Chelsea are second, but are they good enough
Chelsea are on the move in the table. A win against Burnley puts them just behind Arsenal, just three points off the top, with the Gunners slotted to play the North London Derby on Sunday. While the table makes them look the second best this weekend, with the Sunday games still to come, the Blues do not seem impressive by any stretch of imagination.
The Turf Moor encounter, if nothing else, is a sign that the Premier League may not be a great watch. There is a lot of running and huffing and puffing, but all of it is far too boring to watch. While the set pieces, long balls and the Pulis-Delap-Stoke type long throws are back to add an element of surprise, the open-play game is a grind to watch. Burnley can be excused for playing cautiously and within their limits, but watching an elite club like Chelsea play the way they do these days is a real drag.
My gripe is that the Blues have a reputation to uphold, and they don’t live up to it. With all due respect to Maresca, this team lacks any identity.

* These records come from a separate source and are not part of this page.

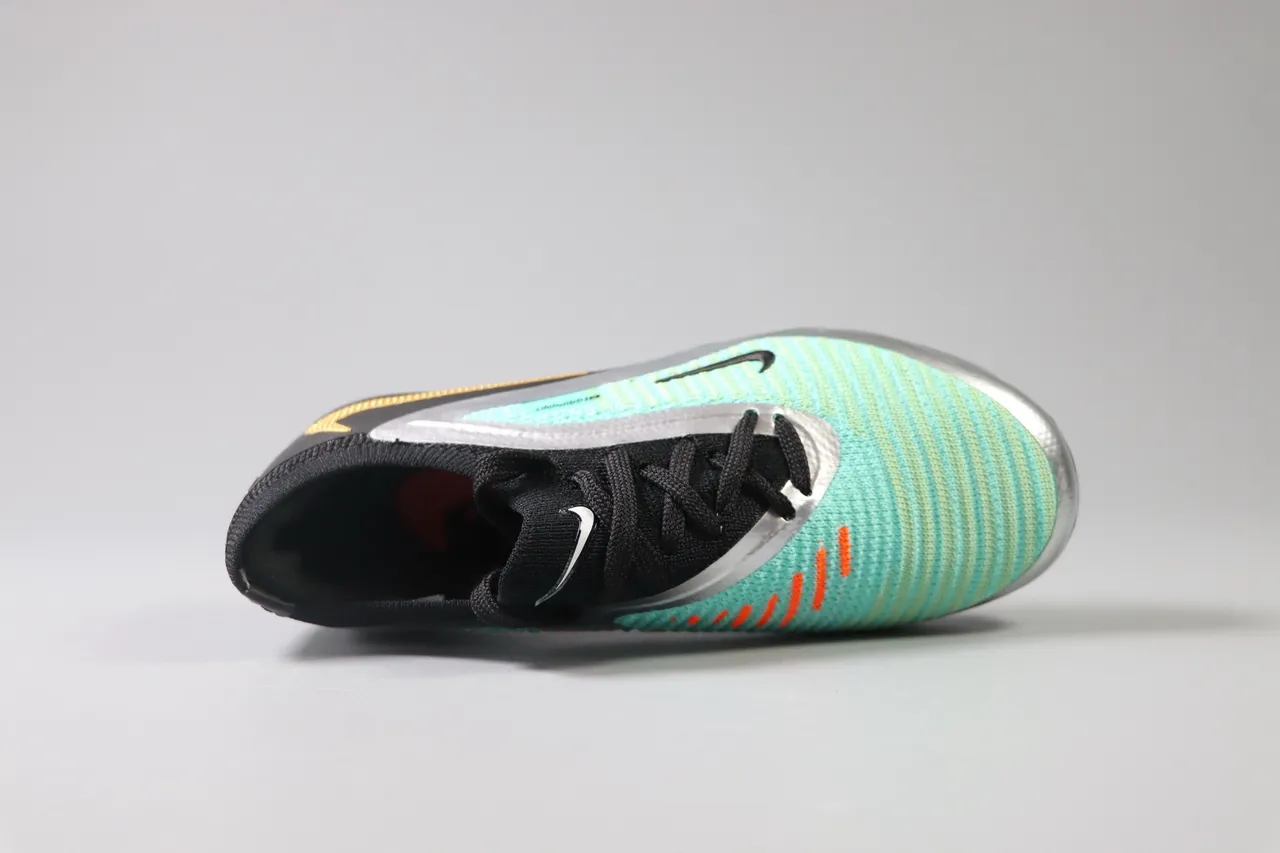Nike Black Silver Low-Cut Knit Upper Asymmetrical Lacing Firm-Ground Soccer Shoes 13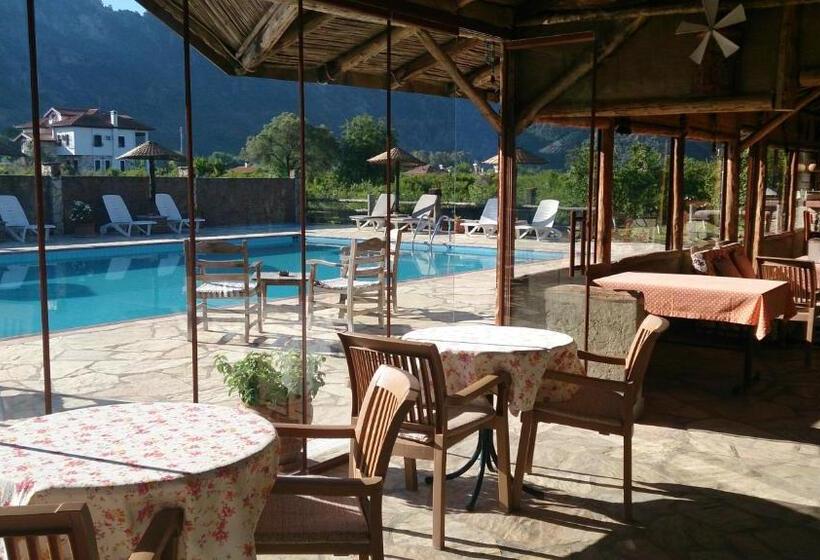 غرفة كمفورت مع بلكونة, Sedir Resort   Hotel Rooms, Bungalows & Suites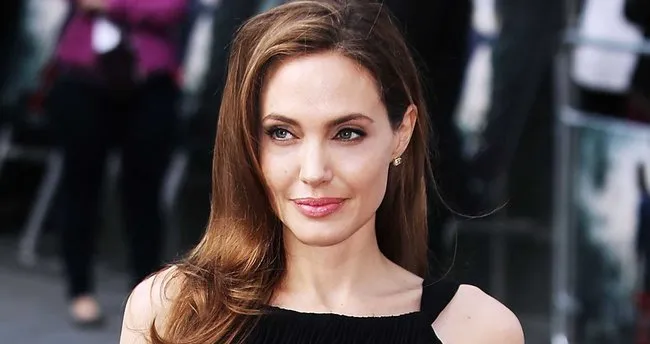 Angelina Jolie teselliyi Jared Leto’da mı buldu?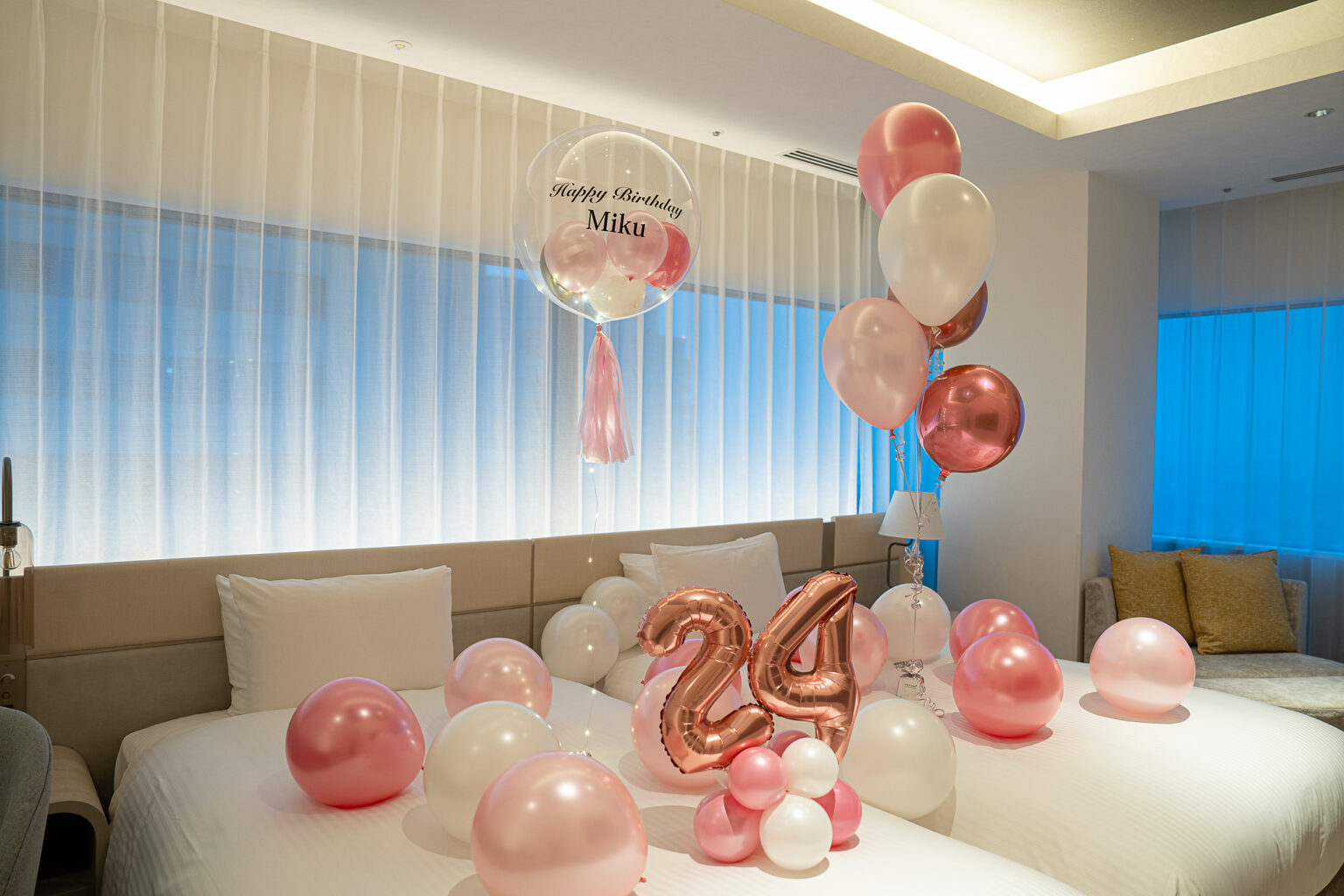 24th birthday surprise decoration at 三井ガーデンホテル横浜みなとみらいプレミア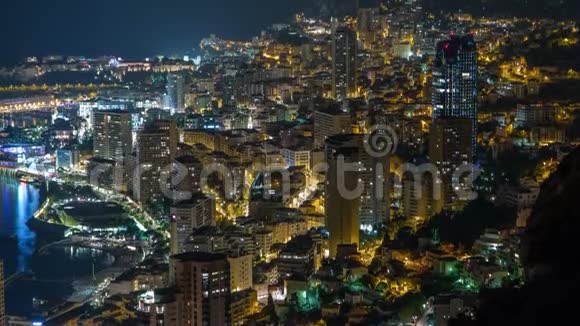 摩纳哥从大康尼切公路夜晚时光的高空俯瞰法国摩纳哥视频的预览图
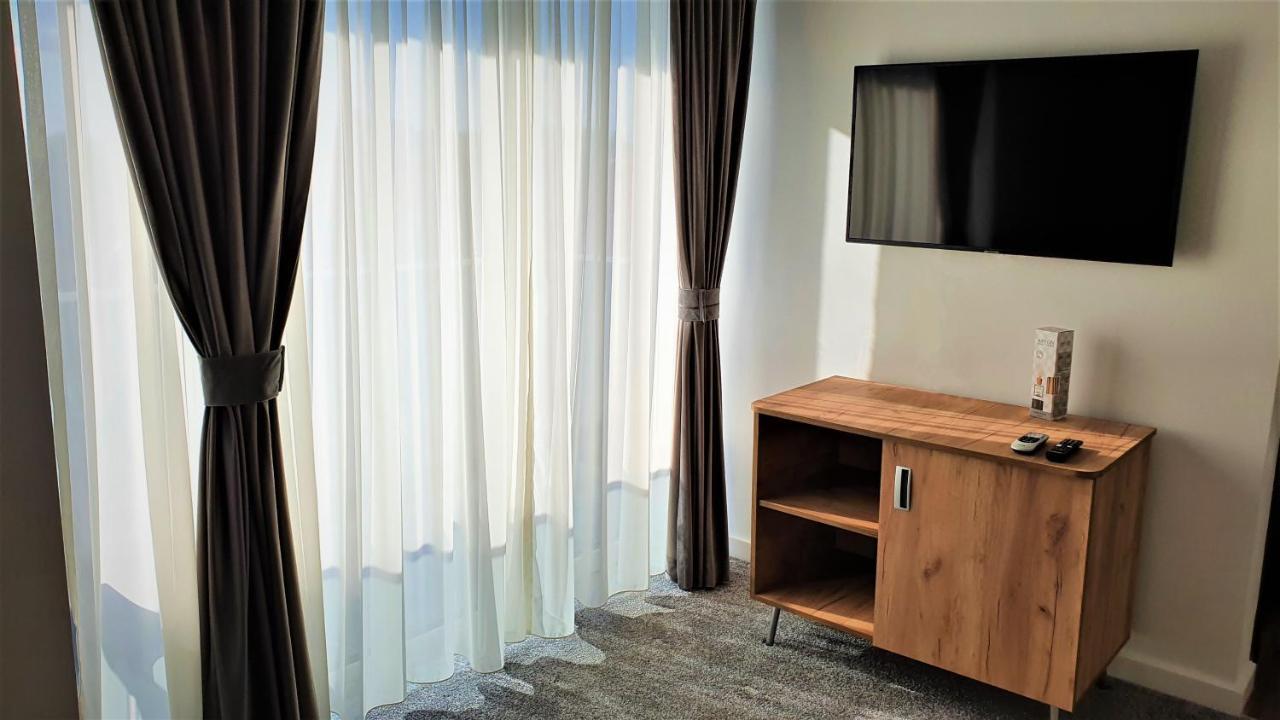 Pensiunea Caluda Hotel นาโวดาริ ภายนอก รูปภาพ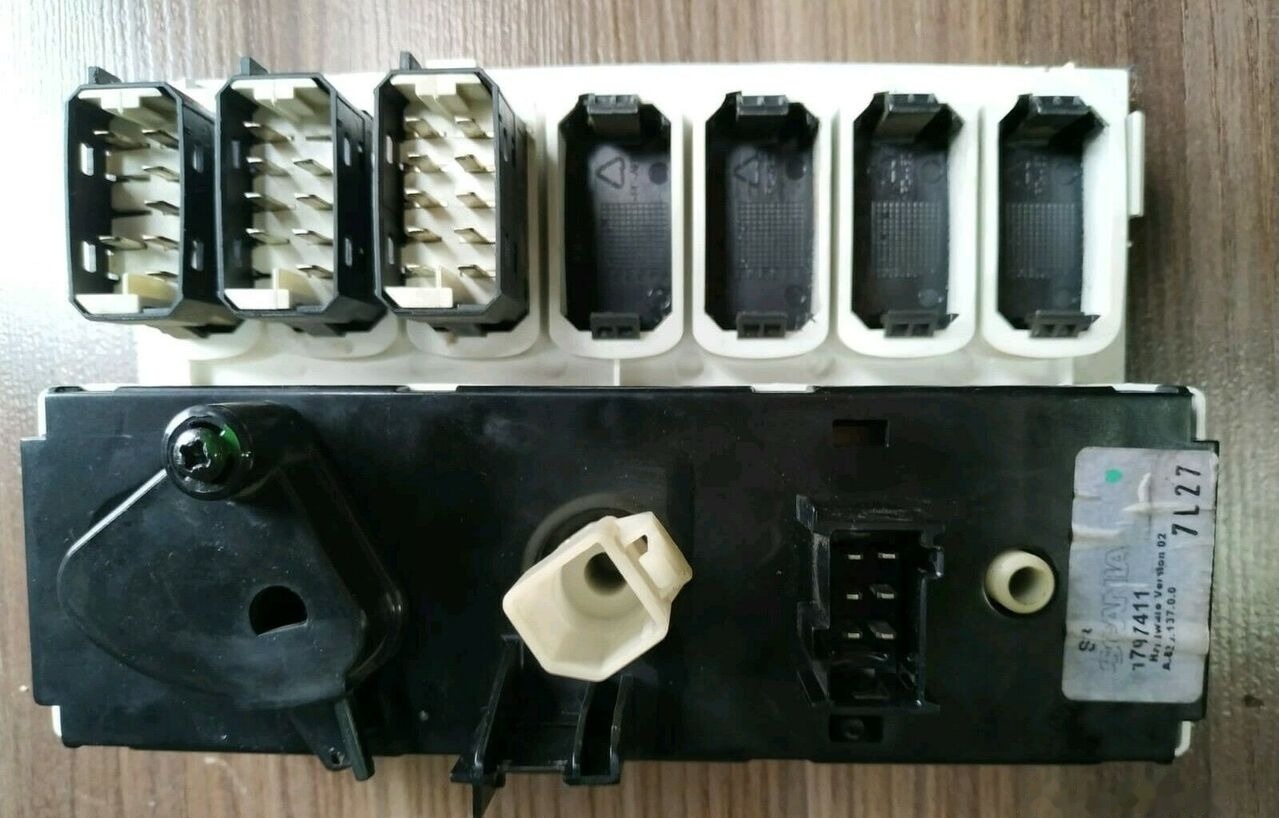 Scania HEATER CONTROLS, HEATER CONTROL PANEL Palubní deska na prodej na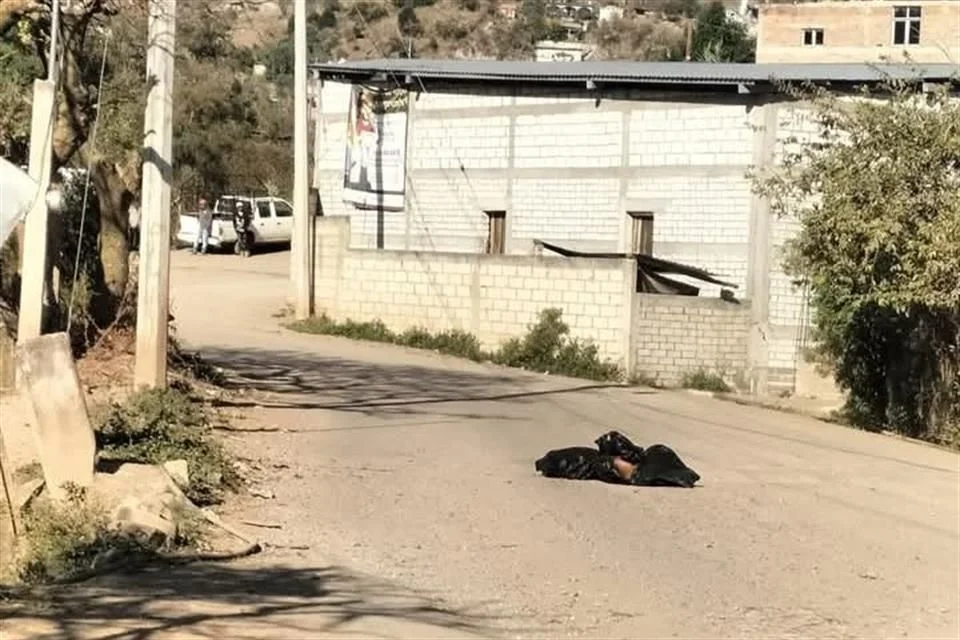 Violencia impacta centros de aprendizaje y salud en la Montaña de Guerrero.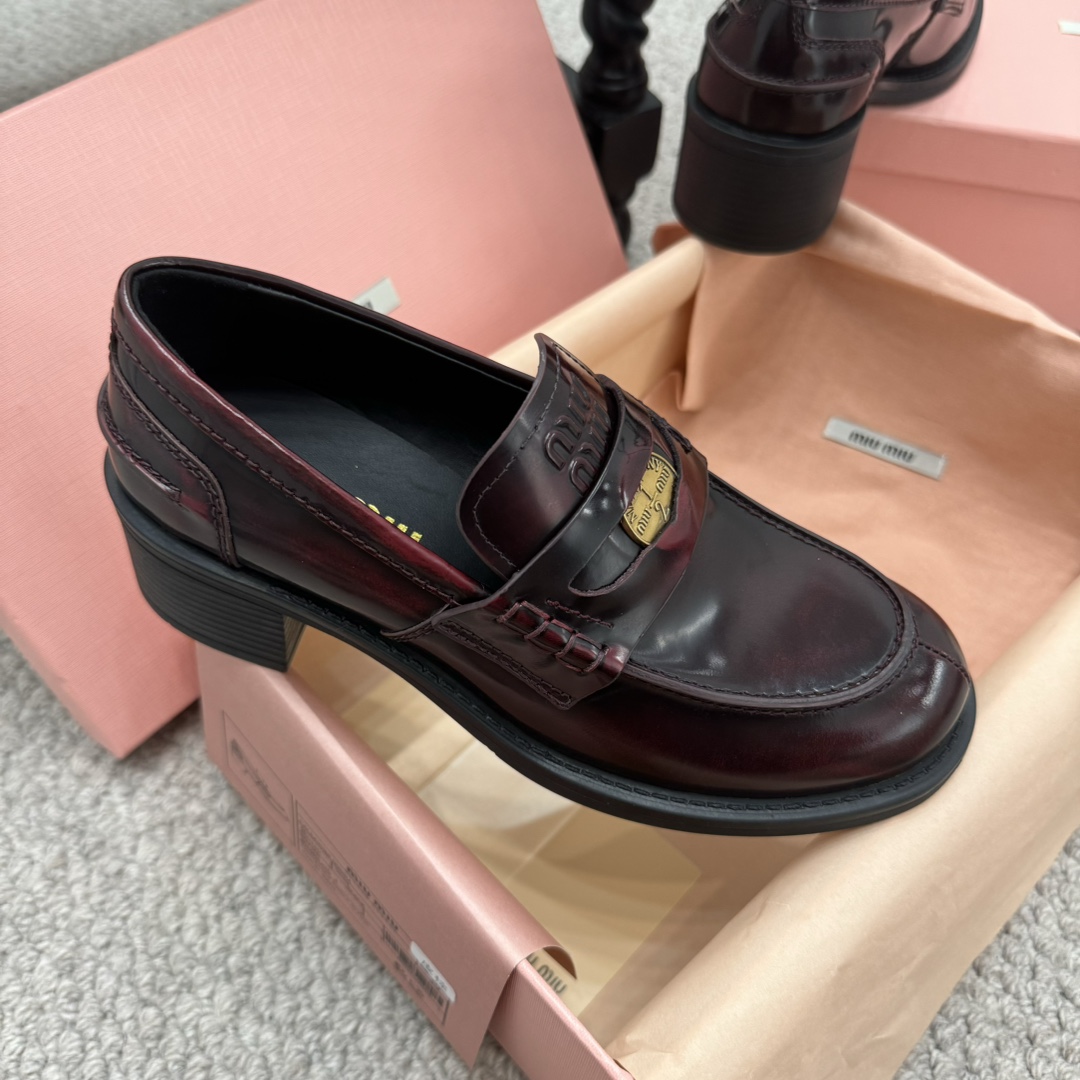 Loro Piana Classic Luxury Leather Shoe Loafer Ref 4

Liverpool fly off the blocks and drive themselves relentlessly at the opposition, and that is their trademark. City will run circles around the other teams. Shifting shapes, short passes, and a hunger for goals make them what Pep wanted them to be. Arsenal, over the past few years, have been stingy at the back, solid in the midfield, and have a plan to play to. City and Liverpool might be struggling at this moment , and Arsenal striding along. but still they all still retain their hallmark style. The have a style that encapsulates what they stand for in terms of football output.
However, Chelsea have been just all over the place for some years now. They bought players like there was no tomorrow. At one point, the joke was that they had hardly any room for all the players they had signed. Then they sold some randomly and then bought again. Since 2018, Stamford Bridge has seen 4 managers. Sarri had a disappointing year, Lampard came and went without a trace, Tuchel lost his job due to a change in management, and finally, Graham Potter and his professor-like approach lasted only a few months.
Maresca, who began his new role in July 2024, was Chelsea’s sixth managerial appointment in five years and the fourth since American investor Todd Boehly and private equity firm Clearlake Capital bought the club in May 2022. Having come off from the project of getting Leicester into the Premier League, it was never going to be easy.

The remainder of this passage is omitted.